◆ **EXERCISE DATA**
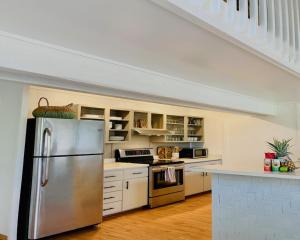 a kitchen with a stainless steel refrigerator and white cabinets at Princeville North Shore Retreat - 1200 SF, Lanai, Loft & Kitchen in Princeville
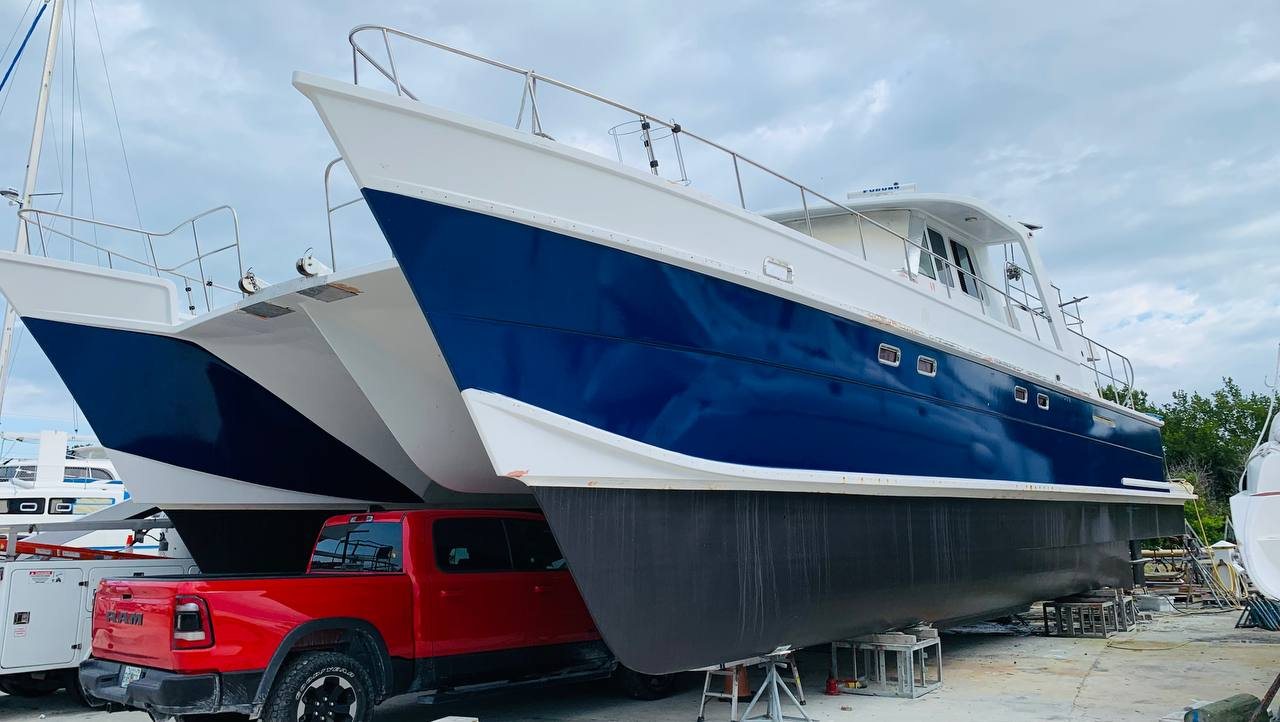 Large power catamaran on stands with a deep blue hull wrap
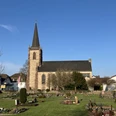 Evangelische Kirche Beverungen mit markantem Turm, umgeben von gepflegtem Friedhof und Bäumen.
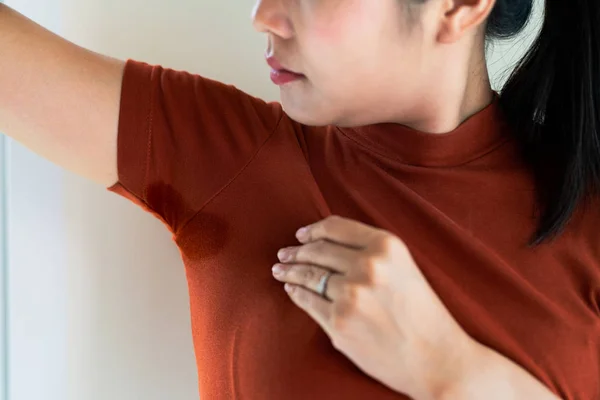 Женщина с гипергидрозом потеет. Молодая азиатка с пятном пота на нижнем белье. Концепция здравоохранения — стоковое фото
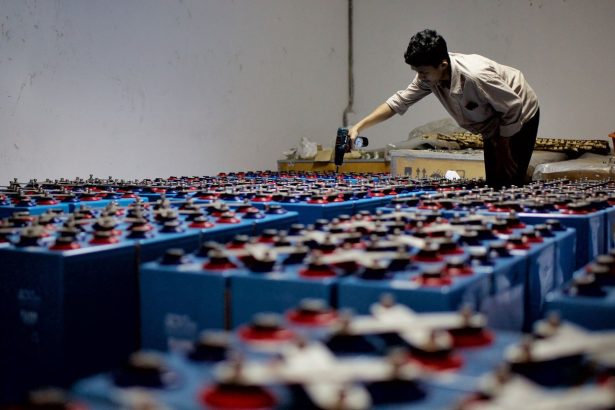 Trabalhador inspeciona conjuntos de baterias industriais em uma instalação de armazenamento de energia.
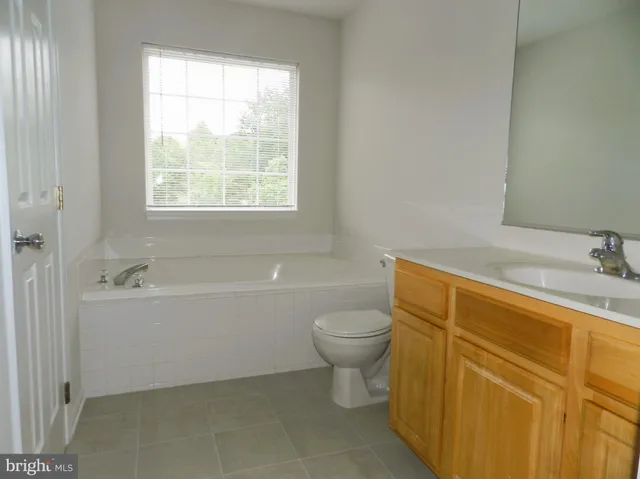 a bathroom with a sink a toilet and bathtub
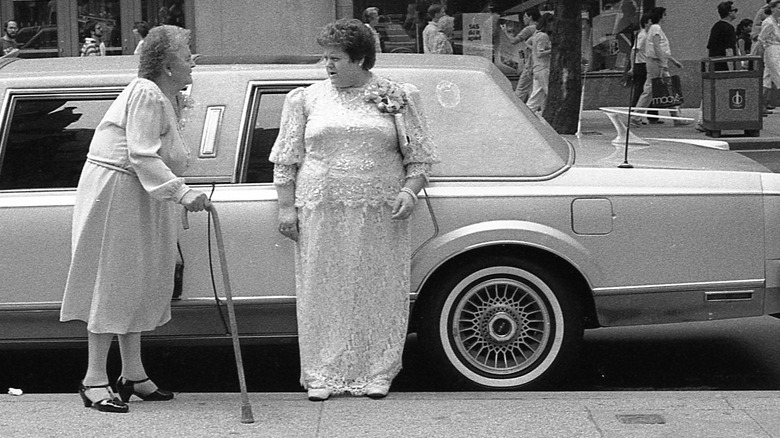 A black and white photo of two women standing next to a limousine with a boomerang antenna on the trunk.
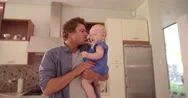 Modern Dad Holding And Kissing Infant Daughter On Cheek Stock Footage
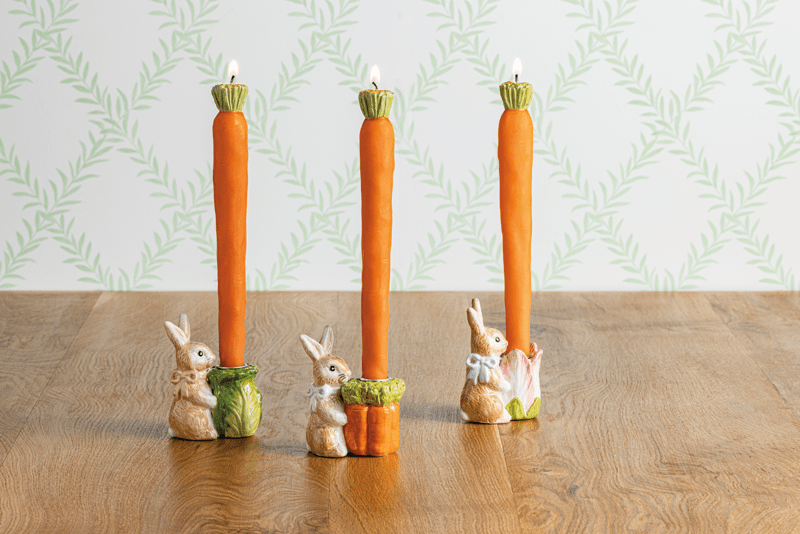 Three taper candle holders with rabbit figures on a wooden surface and patterned wall background.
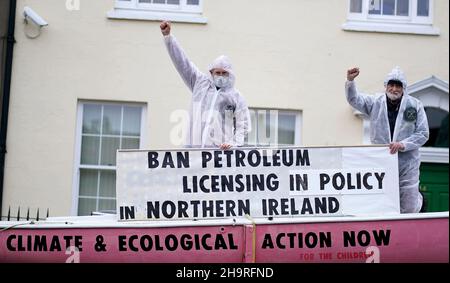 Extinction Rebellion activists Art O’Laoghaire (right), from Bray, and Louis Heath, from Sandyford, as they held a demonstration outside Sinn Fein’s headquarters in Dublin calling on the party to act now in the Northern Irish Executive to ensure a full and final ban on petroleum licensing. Picture date: Wednesday December 8, 2021. Stock Photo
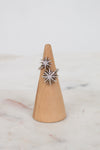 Silver ring with starburst shape design on a wooden ring stand against a marble background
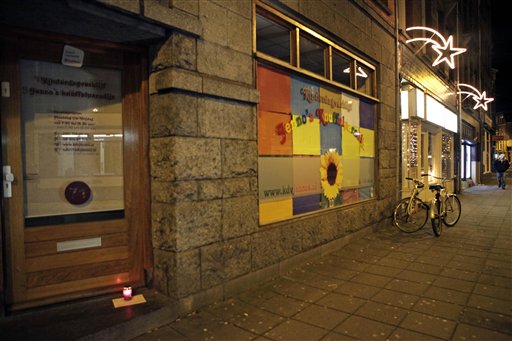 
 A lone candle with a note stands in the doorway of a daycare center in Amsterdam, Sunday Dec. 12, 2010, where a man suspected of abusing preschool children was employed. Parents of dozens of preschool children in Amsterdam have been warned their children may have been abused by a baby sitter in one of the worst sexual abuse cases to come to light in the Netherlands. Authorities say a 27-year-old suspect was arrested after a tip from U.S. authorities about child pornography. The man's computers have been seized and he has confessed to dozens of sex crimes at two Amsterdam daycare centers over the past 18 months, police chief Herman Bolhaar said at a press conference Sunday. (AP Photo/Peter Dejong)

◆ **WHAT TO DO**
Without the pictures, return the whole of the data exactly as given.

◆ **RESULT**
 a kitchen with a stainless steel refrigerator and white cabinets at Princeville North Shore Retreat - 1200 SF, Lanai, Loft & Kitchen in Princeville
 Large power catamaran on stands with a deep blue hull wrap
 Evangelische Kirche Beverungen mit markantem Turm, umgeben von gepflegtem Friedhof und Bäumen.
 Женщина с гипергидрозом потеет. Молодая азиатка с пятном пота на нижнем белье. Концепция здравоохранения — стоковое фото
 Trabalhador inspeciona conjuntos de baterias industriais em uma instalação de armazenamento de energia.
 a bathroom with a sink a toilet and bathtub
 A black and white photo of two women standing next to a limousine with a boomerang antenna on the trunk.
 Modern Dad Holding And Kissing Infant Daughter On Cheek Stock Footage
 Three taper candle holders with rabbit figures on a wooden surface and patterned wall background.
 Extinction Rebellion activists Art O’Laoghaire (right), from Bray, and Louis Heath, from Sandyford, as they held a demonstration outside Sinn Fein’s headquarters in Dublin calling on the party to act now in the Northern Irish Executive to ensure a full and final ban on petroleum licensing. Picture date: Wednesday December 8, 2021. Stock Photo
 Silver ring with starburst shape design on a wooden ring stand against a marble background
 A lone candle with a note stands in the doorway of a daycare center in Amsterdam, Sunday Dec. 12, 2010, where a man suspected of abusing preschool children was employed. Parents of dozens of preschool children in Amsterdam have been warned their children may have been abused by a baby sitter in one of the worst sexual abuse cases to come to light in the Netherlands. Authorities say a 27-year-old suspect was arrested after a tip from U.S. authorities about child pornography. The man's computers have been seized and he has confessed to dozens of sex crimes at two Amsterdam daycare centers over the past 18 months, police chief Herman Bolhaar said at a press conference Sunday. (AP Photo/Peter Dejong)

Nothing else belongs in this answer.